In its latest travel advisory dated May 24, 2017, the Australian government advised its citizens to “exercise a high degree of caution” in the Philippines due to the high threat of terrorist attacks and the high level of crime.
“Monitor the media and other sources about possible new security risks. Seek specific advice for the locations you intend to visit,” the Australian government said.
Australia also advised its citizens to “reconsider” their need to travel to eastern Mindanao and “not to travel” to central and western Mindanao, including the Zamboanga Peninsula, the Sulu Archipelago and southern Sulu.
The United Kingdom also updated its travel advisory for their British citizens against “all travel to western Mindanao including Marawi City and against all but essential travel to eastern Mindanao”.
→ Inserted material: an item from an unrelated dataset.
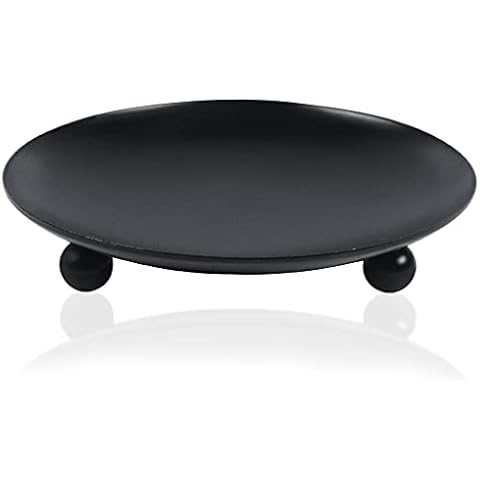 Candle Holder Traditional Candle Plate Pillar Candle Dish Candlestick Round Votive Candle Tray, Metal Black Cover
“Terrorists are very likely to try to carry out attacks in the Philippines. Terrorist groups continue to plan attacks and have the capacity and the intent to carry out attacks at any time and anywhere in the country,” the British Embassy said. “Attacks could happen anywhere, including in places visited by foreigners like airports, shopping malls, public transport and places of worship. You should remain vigilant at all times and report anything suspicious to the local authorities.
“Government officials said martial law measures would include the suspension of the writ of habeas corpus, the imposition of curfews and establishment of checkpoints.”
The Canadian government issued the same advisory on Wednesday.
“Global Affairs Canada advises against all travel to the Mindanao Region, excluding the urban areas of Davao City, due to the serious threat of terrorist attacks and kidnapping. The Government of Canada’s ability to provide consular assistance in this region is limited,” the Canadian Embassy in the Philippines said.
“There is no nationwide advisory in effect for the Philippines. However, you should exercise a high degree of caution due to the threat of terrorism and the high level of crime.”
The Philippines’ Department of Foreign Affairs said the Philippine government is in “full control”.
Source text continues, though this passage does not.